El tomo que edita ECC recoge también bocetos y arte conceptual de algunas viñetas por parte del dibujante además de otras historias alternativas que escribió Gaiman sobre el Caballero Oscuro. Dos de ellas pertenecientes a la serie Orígenes secretos, donde el protagonismo recae en El Acertijo o Poison Ivy, y la otra maravilla de historieta corta, Batman. Black and White n. 2, donde Batman y Joker no son más que actores cuyo trabajo consiste en escenificar las viñetas que otros escriben sobre ellos.

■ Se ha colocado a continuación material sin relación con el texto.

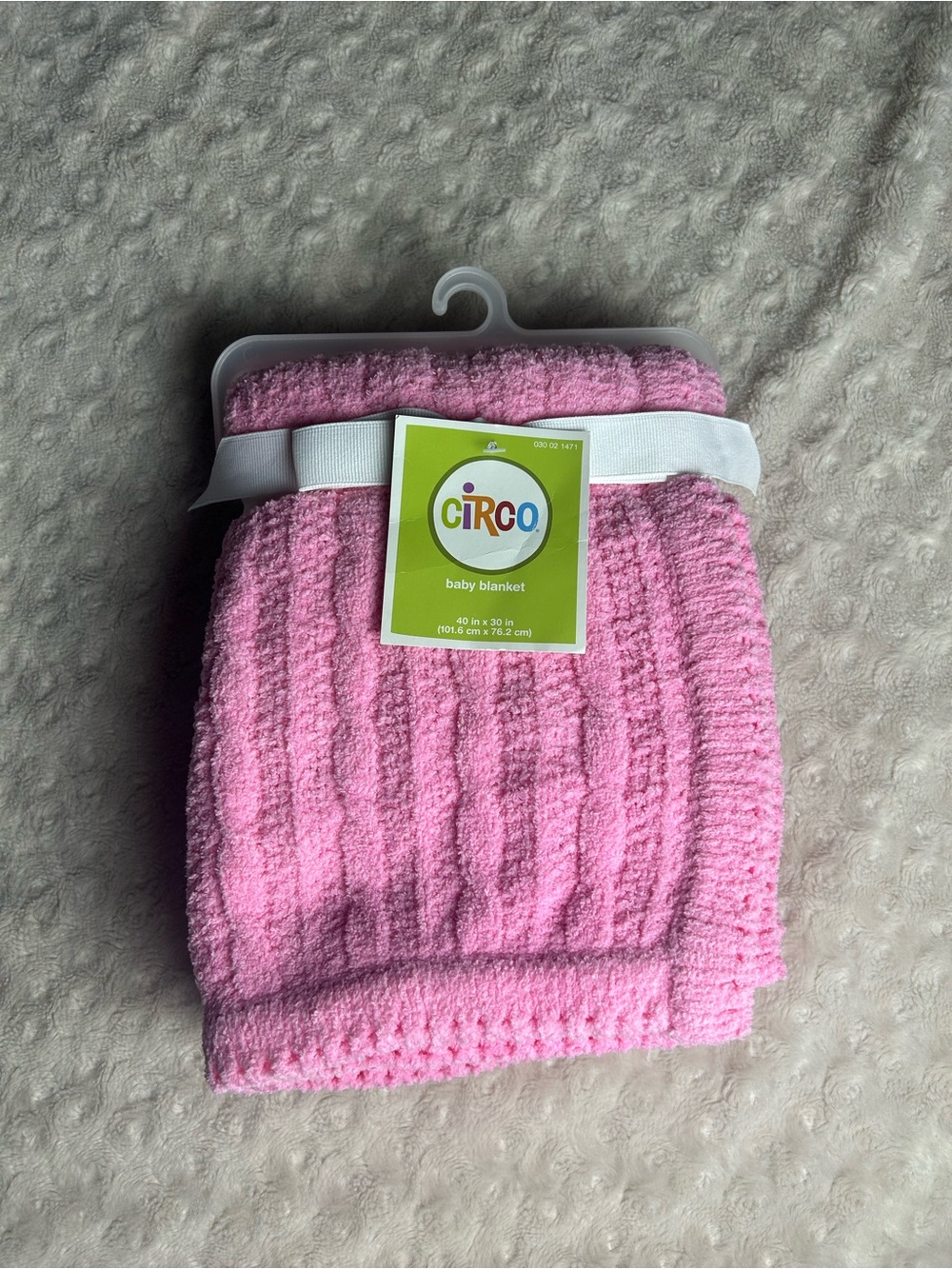 Circo Pink Cable Knit Chenille Baby Blanket 2013 NEW Rare HTF Lovey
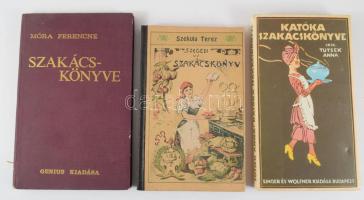 3 db reprint szakácskönyv: Tutsek Anna: Katóka szakácskönyve. Bp., 1987, Közgazdasági és Jogi Könyvk...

Para aquellos que quieren adentrarse en el universo de Batman y decidan pasearse por esos templos que son las tiendas de cómics buscando historias del hombre murciélago, muy seguramente se dejen aconsejar por el tendero. Este les recomendará, de esto también estoy seguro, las consideradas joyas de la corona: El regreso del Caballero Oscuro y Año Uno, ambos de Frank Miller y La broma asesina, de Alan Moore. No discutiré sobre la calidad de estas tres obras que son excelentes, pero sí considero que la recomendación queda muy empobrecida dada la cantidad de historias que existen sobre Batman muy al nivel de estas tres. ¿Qué le sucedió al Cruzado de la Capa? bien podría ser una joya más digna de incluir en esa corona. Aunque me gusta más pensar que cada lector, en la intimidad que le ofrece su habitación donde lee sus cómics, puede encontrar su gran historia.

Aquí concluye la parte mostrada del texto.